La mondialisation nous assigne aujourd’hui à des identités culturelles ou religieuses, qui favorisent plus le conflit que la reconnaissance de l’altérité. Dans son dernier ouvrage, l’anthropologue Michel Agier nous invite à décentrer le regard pour reconsidérer le sens et l’usage des frontières.

Recensé : Michel Agier. 2012. La Condition cosmopolite. L’anthropologie à l’épreuve du piège identitaire, Paris : La Découverte.

Le dernier livre de Michel Agier nous parle de notre monde et de sa complexité. Il nous fait voyager du monde des migrants échoués à Patras (Grèce) ou morts dans un camion en passant une frontière à la Vila Flaviana de Salvador de Bahia (Brésil), de la maison des initiés dans la société baruya en Nouvelle-Guinée à la Tunda, monstre urbain des quartiers d’Agua Blanca à Cali (Colombie). Mais, s’il nous y conduit, c’est d’abord pour mieux nous parler de nous et des perplexités sociales et politiques que nous avons tôt fait de qualifier « d’urbaines ». Privilège de l’anthropologue : sa proximité avec des situations lointaines le met, plus que d’autres, en capacité de désigner l’étrangeté de ce qui nous est si proche. La réflexion qu’il nous propose est difficile. Elle est néanmoins salutaire.

Le monde contemporain, celui que nous vivons et qu’il nous est si difficile de penser, est soumis à un paradoxe intellectuel. Si les mots les plus souvent convoqués pour l’identifier sont ceux de globalisation et de mondialisation, il est indéniablement marqué par la violence des États sur les gens, par des frontières souvent faites murs et par la violence d’identités collectives souvent dirigées contre l’autre. Le grand mérite de Michel Agier est de mettre ces paradoxes à l’épreuve de l’enquête. Loin de réifier ou d’essentialiser les frontières comme des identités, il donne ici une petite leçon de réflexion ethnologique. Pour mettre à l’épreuve les catégories fétiches de l’époque comme l’identité ou les frontières, il fait un détour nécessaire et réflexif sur cette discipline, sur son héritage et ses péremptions. Lorsqu’elle est débarrassée de tout culturalisme, l’ethnologie nous offre aujourd’hui une capacité de décentrement du regard sur un monde parfois proche, une exigence de penser l’altérité sans laquelle le piège identitaire se refermerait sur les sciences sociales. Décentrement savant autant que culturel : « pour saisir ce qui naît autant que ce qui meurt », tel est « l’avantage de la position avancée, impliquée, de l’explorateur des mondes sociaux contemporains qu’est l’ethnologue » (p. 59).
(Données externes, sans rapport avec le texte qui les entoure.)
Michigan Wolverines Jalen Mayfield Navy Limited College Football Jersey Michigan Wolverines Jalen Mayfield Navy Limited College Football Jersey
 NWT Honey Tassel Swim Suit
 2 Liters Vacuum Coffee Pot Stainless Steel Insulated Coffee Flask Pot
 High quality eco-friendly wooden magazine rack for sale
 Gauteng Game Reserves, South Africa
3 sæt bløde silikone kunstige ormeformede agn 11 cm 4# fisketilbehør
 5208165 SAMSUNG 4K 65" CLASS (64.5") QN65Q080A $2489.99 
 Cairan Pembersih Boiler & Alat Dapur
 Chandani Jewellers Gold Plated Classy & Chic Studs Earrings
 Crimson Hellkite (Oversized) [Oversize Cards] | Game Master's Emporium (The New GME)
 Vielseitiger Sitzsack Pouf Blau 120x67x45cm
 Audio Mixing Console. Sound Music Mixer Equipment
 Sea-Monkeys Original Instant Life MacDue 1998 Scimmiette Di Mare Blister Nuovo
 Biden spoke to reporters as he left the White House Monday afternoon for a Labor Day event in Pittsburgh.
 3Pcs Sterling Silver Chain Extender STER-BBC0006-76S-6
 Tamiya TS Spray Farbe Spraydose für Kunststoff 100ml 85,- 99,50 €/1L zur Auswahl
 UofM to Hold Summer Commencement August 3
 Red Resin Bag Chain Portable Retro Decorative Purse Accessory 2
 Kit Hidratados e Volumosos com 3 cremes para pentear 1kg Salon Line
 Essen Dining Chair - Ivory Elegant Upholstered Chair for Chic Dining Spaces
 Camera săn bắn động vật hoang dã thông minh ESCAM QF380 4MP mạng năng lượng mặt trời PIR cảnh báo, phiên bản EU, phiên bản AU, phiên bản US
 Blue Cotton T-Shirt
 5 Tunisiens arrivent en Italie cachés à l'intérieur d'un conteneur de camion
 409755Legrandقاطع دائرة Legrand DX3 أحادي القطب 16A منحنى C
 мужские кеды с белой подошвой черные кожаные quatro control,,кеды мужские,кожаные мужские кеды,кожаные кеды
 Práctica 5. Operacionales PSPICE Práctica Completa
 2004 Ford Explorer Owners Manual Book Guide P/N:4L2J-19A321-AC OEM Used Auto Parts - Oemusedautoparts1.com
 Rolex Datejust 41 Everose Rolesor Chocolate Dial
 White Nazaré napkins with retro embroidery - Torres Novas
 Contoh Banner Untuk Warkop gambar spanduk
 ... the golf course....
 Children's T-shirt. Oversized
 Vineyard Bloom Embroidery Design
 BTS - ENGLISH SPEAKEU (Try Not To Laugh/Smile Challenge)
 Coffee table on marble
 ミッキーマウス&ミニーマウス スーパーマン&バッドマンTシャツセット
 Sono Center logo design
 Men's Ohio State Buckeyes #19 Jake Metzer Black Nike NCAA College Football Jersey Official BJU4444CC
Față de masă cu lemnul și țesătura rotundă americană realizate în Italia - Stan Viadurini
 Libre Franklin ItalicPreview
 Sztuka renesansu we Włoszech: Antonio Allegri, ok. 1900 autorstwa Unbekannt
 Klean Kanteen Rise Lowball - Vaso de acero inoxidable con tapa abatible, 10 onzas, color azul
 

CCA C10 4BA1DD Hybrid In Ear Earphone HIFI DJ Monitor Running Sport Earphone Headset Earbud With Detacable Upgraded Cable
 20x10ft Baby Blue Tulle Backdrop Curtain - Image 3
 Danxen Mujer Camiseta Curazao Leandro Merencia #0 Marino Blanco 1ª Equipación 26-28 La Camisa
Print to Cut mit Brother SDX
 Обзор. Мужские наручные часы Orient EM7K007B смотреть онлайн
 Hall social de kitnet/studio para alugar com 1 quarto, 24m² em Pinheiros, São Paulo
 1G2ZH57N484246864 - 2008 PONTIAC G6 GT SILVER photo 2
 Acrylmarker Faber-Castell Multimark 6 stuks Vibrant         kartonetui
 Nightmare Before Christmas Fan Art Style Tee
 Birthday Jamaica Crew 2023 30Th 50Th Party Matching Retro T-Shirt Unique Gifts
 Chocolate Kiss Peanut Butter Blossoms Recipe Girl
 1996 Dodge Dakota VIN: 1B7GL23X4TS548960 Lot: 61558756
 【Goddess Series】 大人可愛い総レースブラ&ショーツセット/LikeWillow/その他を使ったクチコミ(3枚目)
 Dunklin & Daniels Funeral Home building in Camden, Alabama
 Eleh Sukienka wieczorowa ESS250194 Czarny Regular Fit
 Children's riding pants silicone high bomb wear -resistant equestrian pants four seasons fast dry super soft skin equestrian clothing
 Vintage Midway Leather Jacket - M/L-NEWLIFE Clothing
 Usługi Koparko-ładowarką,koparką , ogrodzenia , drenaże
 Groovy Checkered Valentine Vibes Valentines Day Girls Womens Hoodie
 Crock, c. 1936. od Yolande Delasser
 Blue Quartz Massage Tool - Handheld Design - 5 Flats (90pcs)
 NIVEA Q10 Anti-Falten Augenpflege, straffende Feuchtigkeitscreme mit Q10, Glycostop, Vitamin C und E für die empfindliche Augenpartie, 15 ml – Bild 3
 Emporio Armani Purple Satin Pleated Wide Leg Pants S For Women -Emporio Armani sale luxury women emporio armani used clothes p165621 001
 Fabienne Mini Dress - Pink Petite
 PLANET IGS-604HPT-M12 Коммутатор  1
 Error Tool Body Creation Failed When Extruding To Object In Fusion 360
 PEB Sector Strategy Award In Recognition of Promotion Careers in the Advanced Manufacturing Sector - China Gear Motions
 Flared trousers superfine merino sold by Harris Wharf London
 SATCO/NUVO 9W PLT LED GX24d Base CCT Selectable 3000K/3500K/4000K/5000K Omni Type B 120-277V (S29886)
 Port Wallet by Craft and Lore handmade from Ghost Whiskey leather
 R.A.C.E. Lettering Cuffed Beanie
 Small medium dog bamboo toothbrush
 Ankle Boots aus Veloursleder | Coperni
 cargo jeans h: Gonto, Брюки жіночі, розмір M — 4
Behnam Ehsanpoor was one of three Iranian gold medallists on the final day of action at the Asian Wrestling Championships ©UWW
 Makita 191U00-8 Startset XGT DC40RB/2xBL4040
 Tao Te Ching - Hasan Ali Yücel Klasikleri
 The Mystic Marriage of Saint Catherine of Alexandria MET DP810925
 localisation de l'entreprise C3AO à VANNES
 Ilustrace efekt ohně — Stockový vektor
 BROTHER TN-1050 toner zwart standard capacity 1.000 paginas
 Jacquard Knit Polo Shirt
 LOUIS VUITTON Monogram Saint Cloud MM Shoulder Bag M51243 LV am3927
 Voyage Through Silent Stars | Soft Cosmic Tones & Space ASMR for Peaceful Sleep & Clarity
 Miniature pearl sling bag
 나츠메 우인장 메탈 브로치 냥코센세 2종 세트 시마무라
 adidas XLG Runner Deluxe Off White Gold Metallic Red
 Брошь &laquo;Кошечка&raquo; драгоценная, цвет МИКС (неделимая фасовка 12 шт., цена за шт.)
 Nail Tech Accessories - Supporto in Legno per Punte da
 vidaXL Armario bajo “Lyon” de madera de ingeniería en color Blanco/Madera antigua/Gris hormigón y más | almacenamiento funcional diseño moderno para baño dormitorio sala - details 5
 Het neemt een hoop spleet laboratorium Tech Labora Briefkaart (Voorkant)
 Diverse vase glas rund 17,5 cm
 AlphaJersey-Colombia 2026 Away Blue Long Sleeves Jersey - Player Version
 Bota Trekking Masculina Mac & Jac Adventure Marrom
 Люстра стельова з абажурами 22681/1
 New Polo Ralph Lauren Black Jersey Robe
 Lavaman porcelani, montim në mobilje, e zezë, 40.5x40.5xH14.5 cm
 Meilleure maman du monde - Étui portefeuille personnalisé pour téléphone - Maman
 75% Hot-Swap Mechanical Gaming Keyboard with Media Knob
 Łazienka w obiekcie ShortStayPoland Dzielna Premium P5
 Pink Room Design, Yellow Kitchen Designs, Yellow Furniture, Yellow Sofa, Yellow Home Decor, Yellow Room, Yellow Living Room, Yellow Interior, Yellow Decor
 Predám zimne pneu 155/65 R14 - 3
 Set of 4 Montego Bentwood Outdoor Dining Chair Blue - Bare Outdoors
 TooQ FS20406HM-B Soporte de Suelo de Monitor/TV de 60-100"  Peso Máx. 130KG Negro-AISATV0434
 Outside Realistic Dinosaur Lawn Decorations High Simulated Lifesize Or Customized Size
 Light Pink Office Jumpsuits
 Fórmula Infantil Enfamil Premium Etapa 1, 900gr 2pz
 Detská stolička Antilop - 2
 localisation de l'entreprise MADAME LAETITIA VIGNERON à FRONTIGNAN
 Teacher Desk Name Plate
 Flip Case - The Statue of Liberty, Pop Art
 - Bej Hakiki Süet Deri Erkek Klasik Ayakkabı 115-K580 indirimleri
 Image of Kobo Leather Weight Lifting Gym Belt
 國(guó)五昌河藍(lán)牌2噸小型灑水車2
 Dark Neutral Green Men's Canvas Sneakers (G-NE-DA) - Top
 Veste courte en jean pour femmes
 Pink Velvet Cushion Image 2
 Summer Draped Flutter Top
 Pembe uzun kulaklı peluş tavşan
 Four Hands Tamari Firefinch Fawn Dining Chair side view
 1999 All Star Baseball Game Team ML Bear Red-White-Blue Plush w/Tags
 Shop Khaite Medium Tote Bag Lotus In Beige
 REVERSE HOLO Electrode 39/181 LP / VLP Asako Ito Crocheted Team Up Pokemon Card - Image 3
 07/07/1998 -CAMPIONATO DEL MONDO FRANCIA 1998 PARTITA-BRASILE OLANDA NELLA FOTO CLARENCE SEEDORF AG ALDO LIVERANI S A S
Il faut pour cela « déplacer le lieu et le moment du regard depuis le centre et l’ordre vers les bords et le désordre » (p. 117), travailler les marges, là où le soi se confronte à l’autre, là où l’État se révèle dans ses difficultés et sa brutalité. Le sens (et pas seulement le tracé) des frontières d’aujourd’hui ne se saisit pas exclusivement par des cartes et la géopolitique. Elles se comprennent par l’enquête auprès de ceux qui les vivent comme des espaces-temps complexes où se joue la reconnaissance de migrants plus nombreux qu’avant et d’États privés de leurs attributs souverains par les contraintes de la mondialisation financière. Pour ces États « dénationalisés », la « police des frontières semble contenir tout ce qu’il leur reste de l’État-nation » (p. 63). C’est ainsi que l’on comprend comment la frontière peut aujourd’hui devenir le contraire de ce qu’elle était. De lieux de contact, de délimitation et de reconnaissance de l’altérité, les frontières se transforment en murs physiques et symboliques qui ne sont plus que la négation de l’autre.

L’homme frontière

Michel Agier montre ainsi comment « l’homme frontière », le migrant réel de notre époque est renvoyé à des assignations culturalistes fantasmées ou à des injonctions de choix qui ne font que révéler le piège identitaire qui s’est refermé sur ceux qui les énoncent. Il pose son approche sans polémique. Il y aurait, pourtant, tant à dire sur les dégâts contemporains du culturalisme sociologique et sur son instrumentalisation par des pouvoirs friands d’exclusion et de stigmatisation… Michel Agier ne se paie pas de mots. Il sait l’importance des frontières dans leur historicité, comme lieu d’identification du « nous » et du rapport à l’autre. Il sait les dangers d’un universalisme abstrait dont « l’injonction » est « devenue très régulièrement un mode d’exclusion des sans voix ou un langage de traitement à part des parias » (p. 95). Il lui préfère donc ce qu’il nomme la condition cosmopolite, une situation nouvelle de rapport au monde et aux États.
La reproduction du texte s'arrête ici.